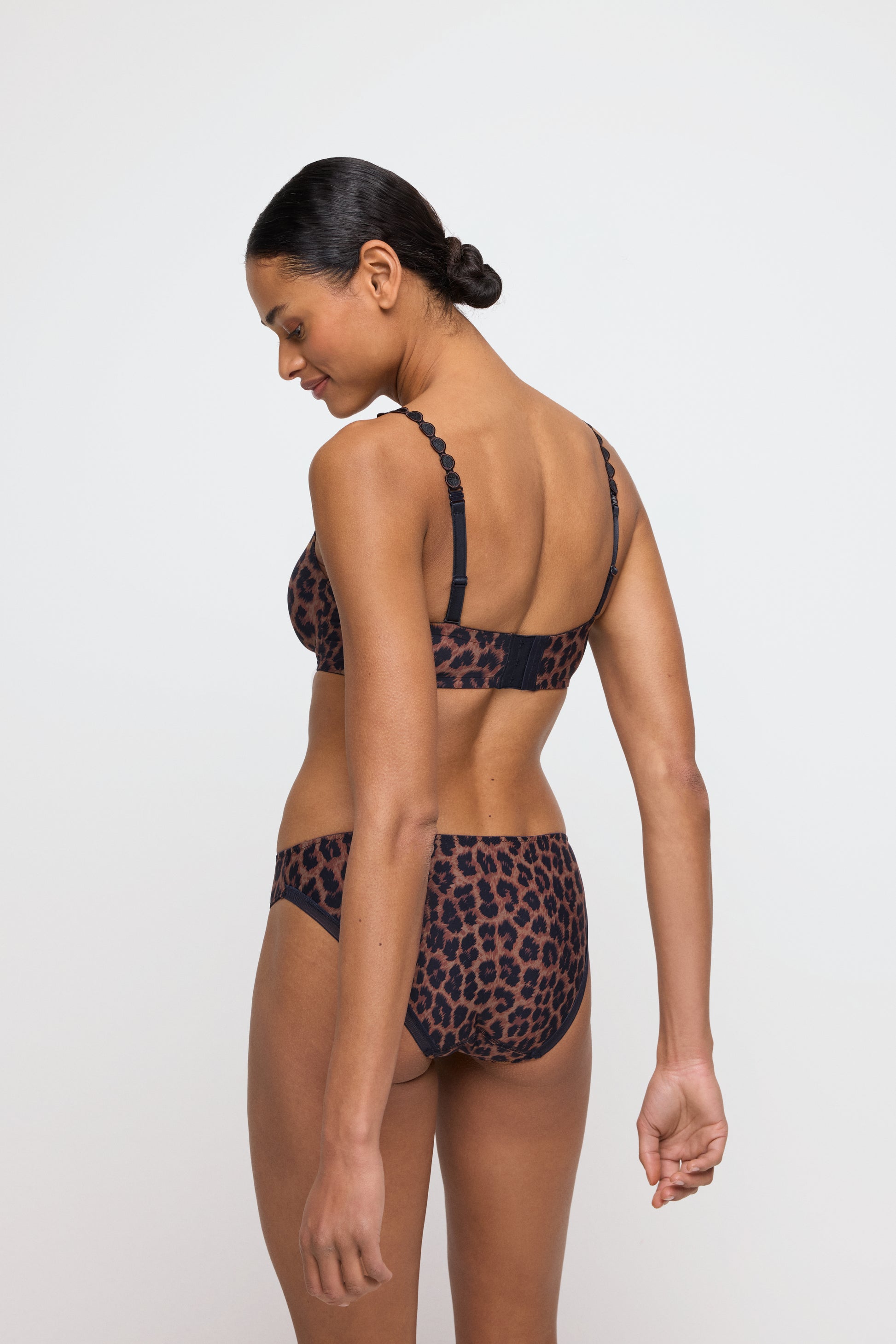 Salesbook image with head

◇ ◇ ◇ ◇

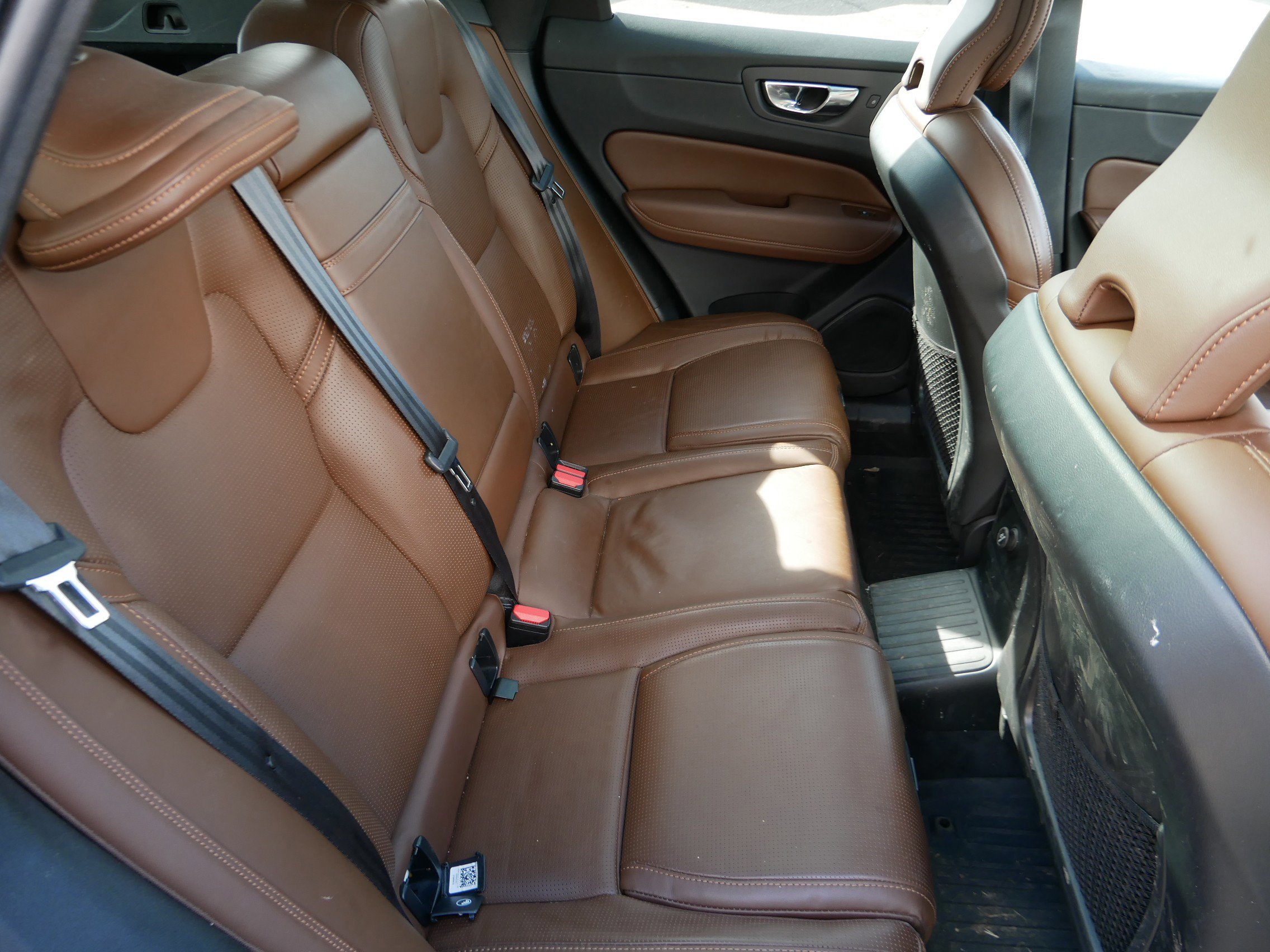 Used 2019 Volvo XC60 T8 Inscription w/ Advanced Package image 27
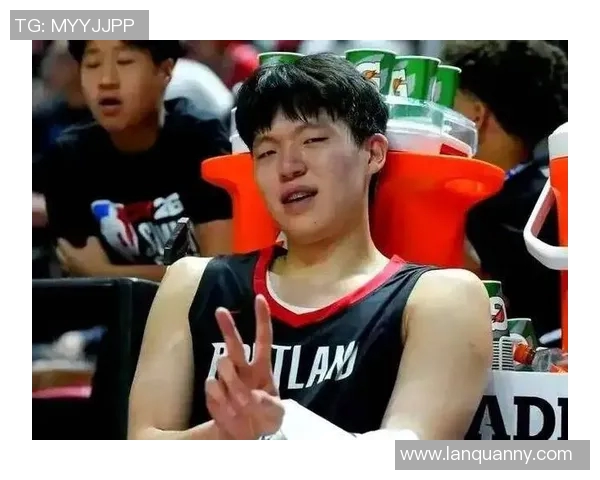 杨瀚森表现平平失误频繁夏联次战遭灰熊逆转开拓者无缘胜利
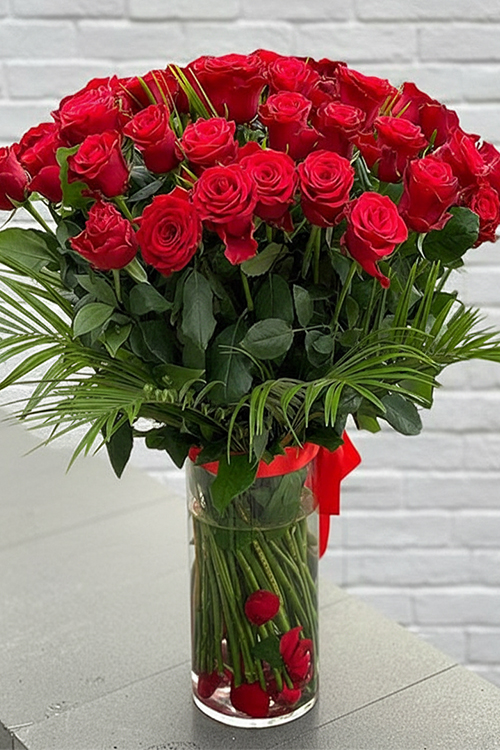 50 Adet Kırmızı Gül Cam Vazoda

◇ ◇ ◇ ◇

PROBLEM REQUIREMENTS
Copy the lines above exactly, starting at the one with "杨瀚森表现平平失误频繁夏联次战遭灰熊逆转开拓者无缘胜利" and ending at the one with "50 Adet Kırmızı Gül Cam Vazoda", both included. Leave out any pictures and add nothing else.

FINISHED EXERCISE
 杨瀚森表现平平失误频繁夏联次战遭灰熊逆转开拓者无缘胜利
 50 Adet Kırmızı Gül Cam Vazoda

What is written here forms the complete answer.